Do you remember your first “adult” breakfast? The breakfast you ate after mom or dad no longer set out your cereal bowl and poured you a glass of orange juice? Mine occurred sometime during middle school–maybe my 7th grade year–and when I had full say over what I could eat for breakfast each morning, I choose the obvious: bread.
Wheat english muffins with a slather of peanut butter and jam. Wheat english muffins with a scrambled egg. Wheat english muffins with a dab of butter. You get the idea: I loved wheat english muffins. When I was pregnant with Lucy and horribly sick during my first trimester, I ate wheat english muffins by the dozen. Breakfast, lunch, and often dinner. We went through a bag every other day.
My love for wheat english muffins hasn’t diminished. In fact, I think I took my love to a whole new level on Sunday. Ryan and I made this beautiful batch of homemade wheat english muffins…and I don’t know if we’ll ever go back. These beauties only need 20 minutes of rising time before they’re on the skillet and in your oven. They rise beautifully and easily turn your kitchen into a bakery…the smell alone will make the time worth it. And they make the perfect vehicle for all kinds of goodness: spreads, eggs, avocados, melted cheese….you probably already have your favorite in mind.
Homemade Wheat English Muffins
2 1/4 cups whole wheat flour
2 1/4 cups bread flour
1 teaspoon salt
1 tablespoon sugar
1 teaspoon baking soda
2 teaspoons instant yeast
1 3/4 cups whole milk
3 tablespoons butter
1 large egg, beaten
Cornmeal, for dusting
In the bowl of your stand mixer, whisk together flours, salt, sugar, baking soda and yeast. Set aside. In a small saucepan, combine the milk and butter. Heat over low until butter just melts. Allow to cool slightly. Combine the milk mixture with the egg and the dry ingredients. Mix for one minute until dough comes together. The dough will be wet (this is good!)
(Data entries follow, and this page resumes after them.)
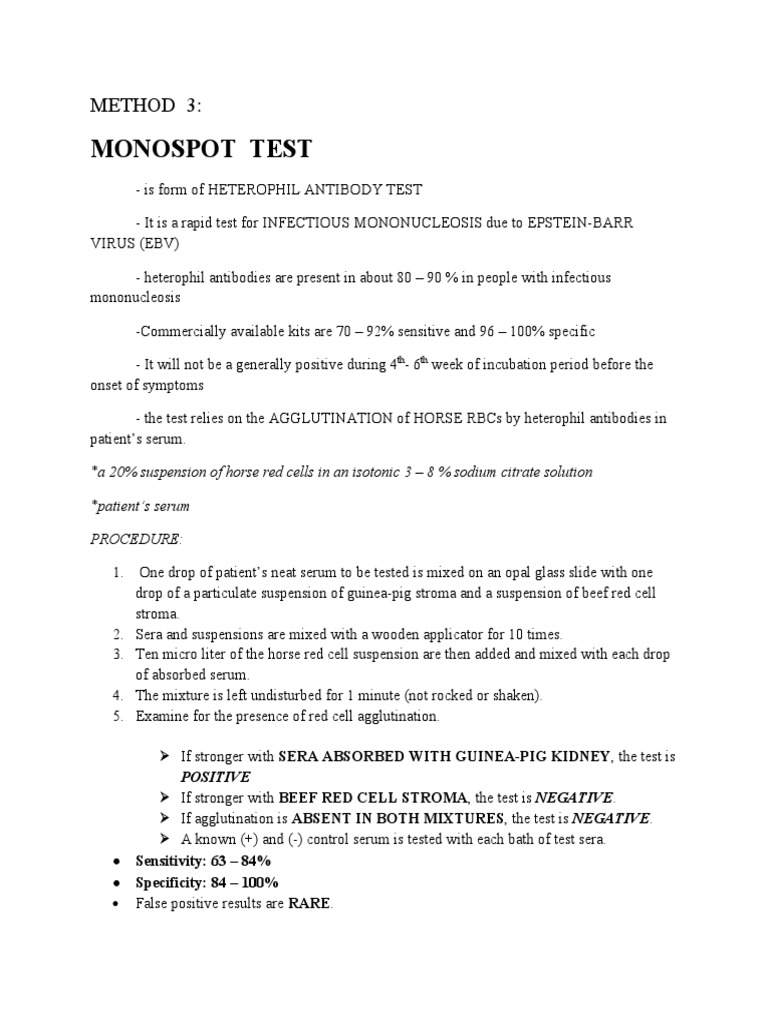 Monospot Test Positive Means , Epstein-Barr Virus Laboratory Testing ...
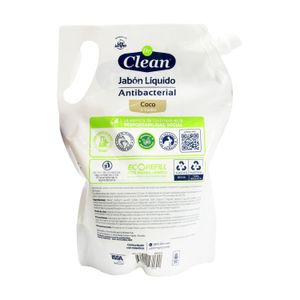 Jabón líquido antibacterial de COCO & VAINILLA para manos y cuerpo con glicerina 900 ml. - DR CLEAN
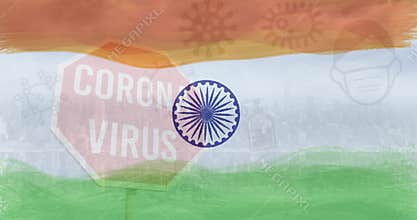 Composition of covid 19 icons and coronavirus stop sign over indian flag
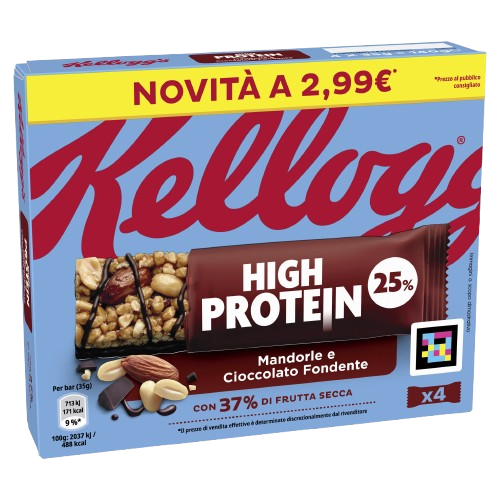 Kellogg's Barretta High Protein Mandorle e Cioccolato Fondente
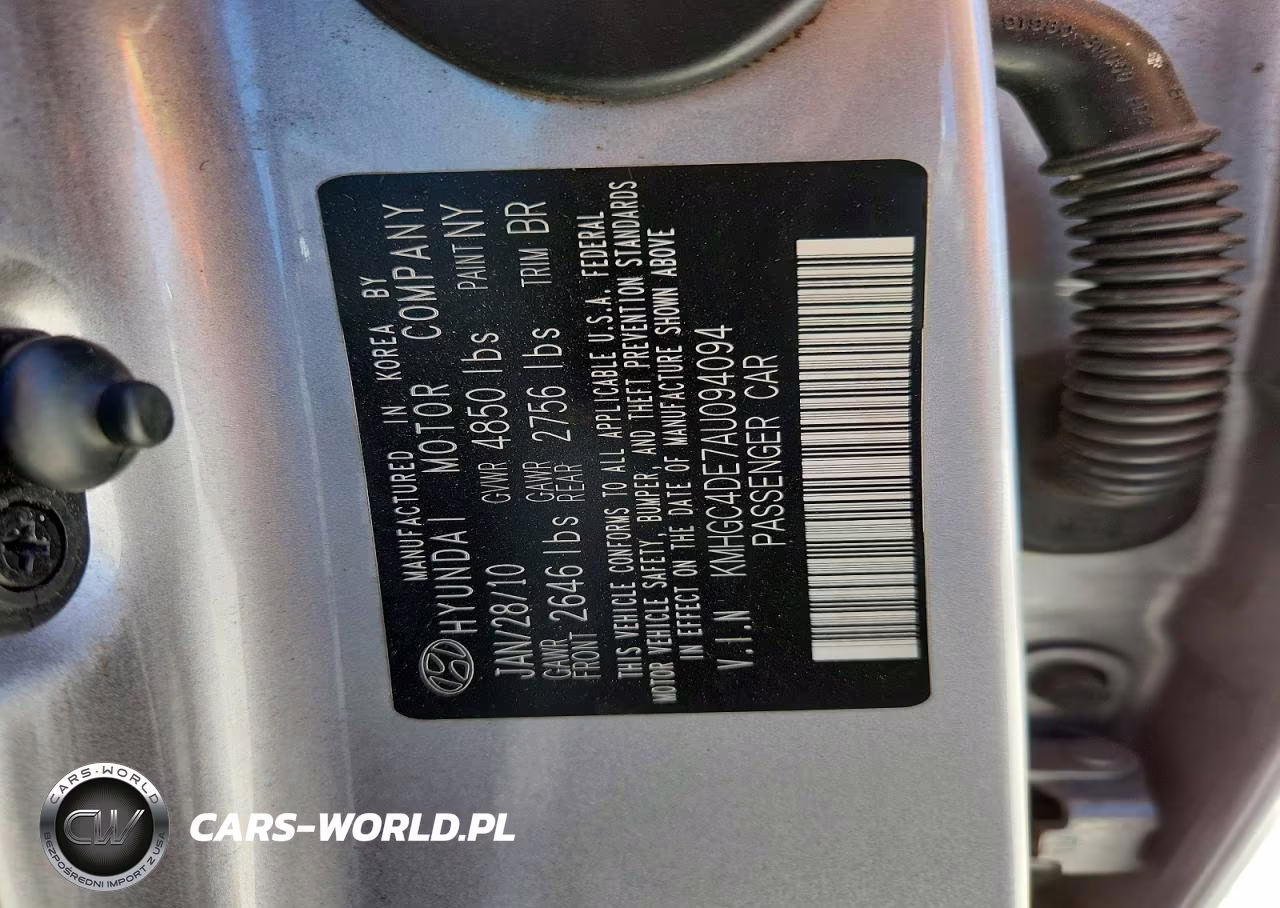 2010 Hyundai Genesis 3.8L VIN:KMHGC4DE7AU094094 - 13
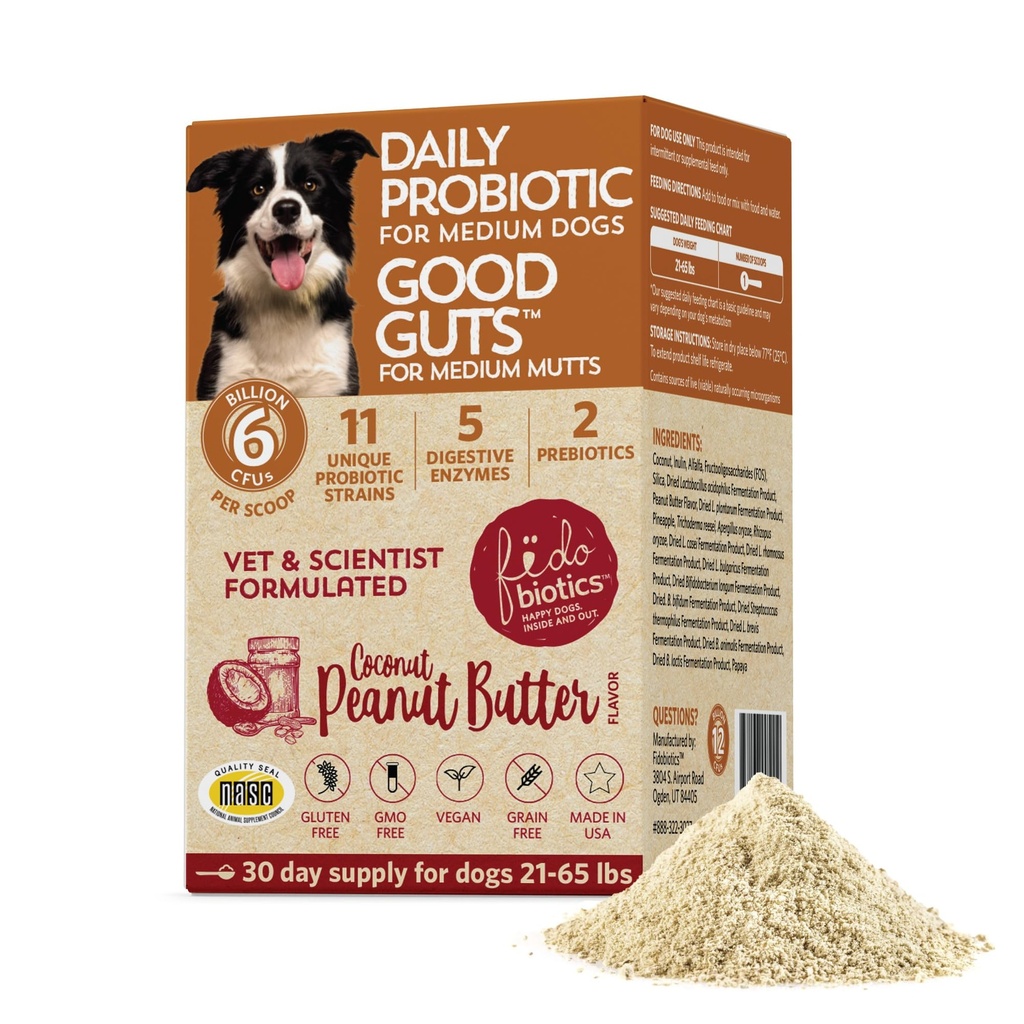 Fidobiotics Good Guts Probiotics for Dogs – Dog Probiotic Powder for Digestive Health, Gas Relief & Firmer Stools, 6B CFUs, Enzymes & Prebiotics, Medium Dogs, Puppies & Adults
Turn the dough out onto a floured surface and lightly roll into a one-inch high rectangle. Using a large biscuit cutter, cut out rounds of dough. Place on a cornmeal dusted cookie sheet. Sprinkle the tops of the english muffins with additional cornmeal. Cover with a kitchen towel and allow to rise for 30 minutes.
Preheat oven to 325 degrees Fahrenheit. Heat a cast iron skillet on low and cook the muffins 4-5 minutes per side, until crispy and brown. Place muffins on cookie sheet. Finish cooking the english muffins in preheated oven for 12-15 minutes.
These will keep for at least one week in an airtight container. Split muffins with fork and toast before serving.